You can download it here.

IBM will continue to evolve its tools and frameworks to meet the technical and ethical challenges of responsible innovation. In this light, IBM is steadfast in its belief that the transformative changes of AI can only be harnessed by all when the future of AI is open.  As the science around safety is developing, broad community engagement is essential. Open source and permissively licensed AI models are a key part of an open innovation ecosystem for AI, as are open-source toolkits and resources, open datasets, open standards, and open science.  In addition, open models encourage greater involvement and scrutiny from the community, increasing the likelihood that vulnerabilities are identified and patched, and ensuring AI is responsibly developed and deployed.
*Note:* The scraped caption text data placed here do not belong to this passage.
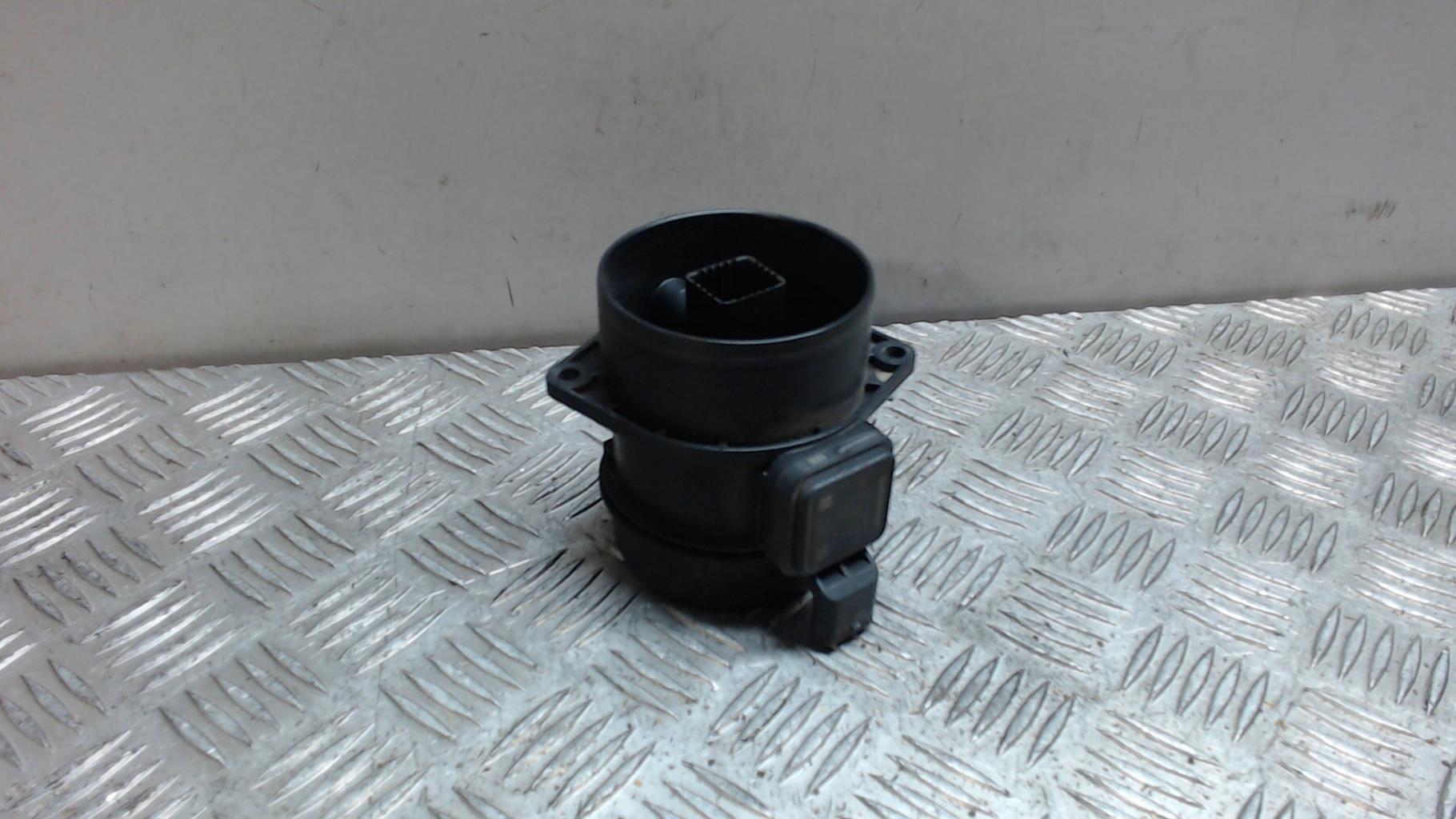 Debitmetre MERCEDES SPRINTER 2 PHASE 1  - 1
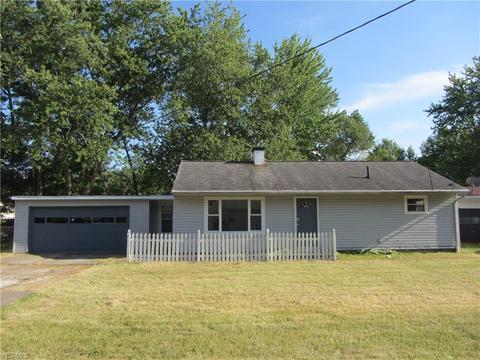 455 Olivet Dr, Elyria, OH 44035 photo 1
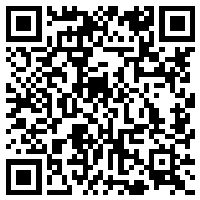 QR Code for bitcoin:bitcoin:bitcoin:bitcoin:dash:XngT5P6KuQCYHE1YVsVMSHxuwfEh3WF8Aw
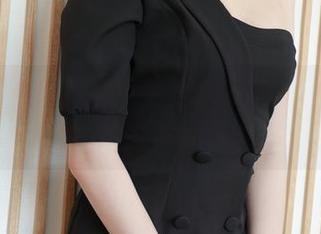 MFStar模范学院 – 请叫我粉丝，加朵babe全套睡衣写真太会放松了吧！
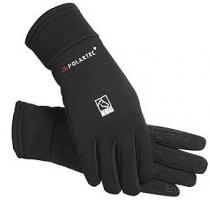 ALL SPORT XS 6/7 GLOVE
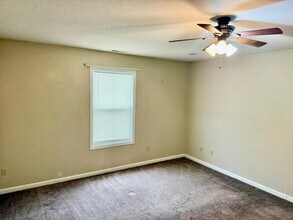 10533 Graystone Cove in New Haven, IN - Building Photo - Building Photo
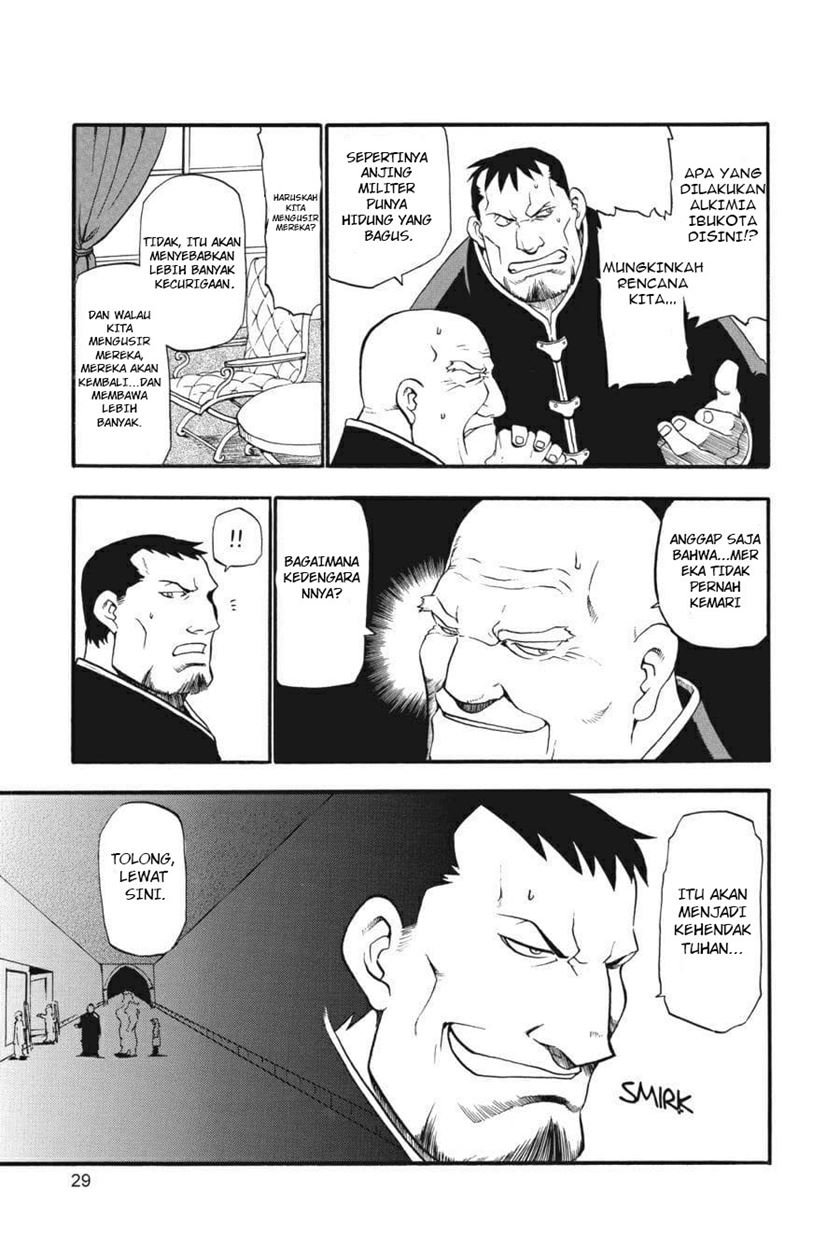 Chapter 1 - halaman 28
IBM has a long history of leading and innovating in the open community. Some recent highlights include:

  • The IBM Granite model is recognized as one of the most transparent LLMs in the world, giving information about data sources and training methods, and enabling clients to be more confident in the safety of the AI they create with us.
  • We released the Granite Guardium models, a collection of models designed to detect risks in prompts and responses, trained in a transparent manner and according to IBM’s AI Ethics principles, under the Apache 2.0 license for research and commercial use.
  •  In May 2024, IBM and Red Hat launched InstructLab, an open-source project for enhancing LLMs through constant incremental contributions, much like software development has worked in open source for decades.
  •  In December 2023, IBM and Meta co-founded the AI Alliance, which has grown from 50 founding members and collaborators to an active, international community of more than 140 leading organizations across industry, startup, academia, research, and government coming together to support open innovation and open science in AI. For example, one key AI Alliance working group is focused on Trust and Safety to get the benefit of community engagement on this developing area of science (See https://thealliance.ai/focus-areas/trust-and-safety)
  • The Partnership on AI, that IBM co-founded in 2016, continues to evolve guidelines for safe deployment of foundation models.
  • Since 2018, IBM Research has developed and donated several trustworthy AI toolkits to the open-source community so that anyone, anywhere in the world can use trusted tools.
  • The MIT-IBM Watson AI Lab is a community of scientists at MIT and IBM Research who conduct poignant research and work with global organizations to bridge algorithms to their impact on business and society.
  • The Notre Dame-IBM Tech Ethics Lab was formed to address the many diverse ethical questions implicated by the development and use of advanced technologies, including AI, machine learning (ML) and quantum computing.
  • IBM has developed several methods to help with bias issues like FairIJ, Equi-tuning, and FairReprogram.
  • In July 2024, IBM partnered with the Data & Trust Alliance and 18 other enterprises to co-create and test the Data Provenance Standards, the first cross-industry standards for metadata to help describe data origin, lineage and suitability for purpose. 

We are also actively contributing to diverse, global efforts in shaping AI metrics, standards and best practices with and through alliances, affiliations, and governments. The partnerships highlighted here are just some of all that we are involved with, and we enter new partnerships and collaborations often to further AI ethics around the world.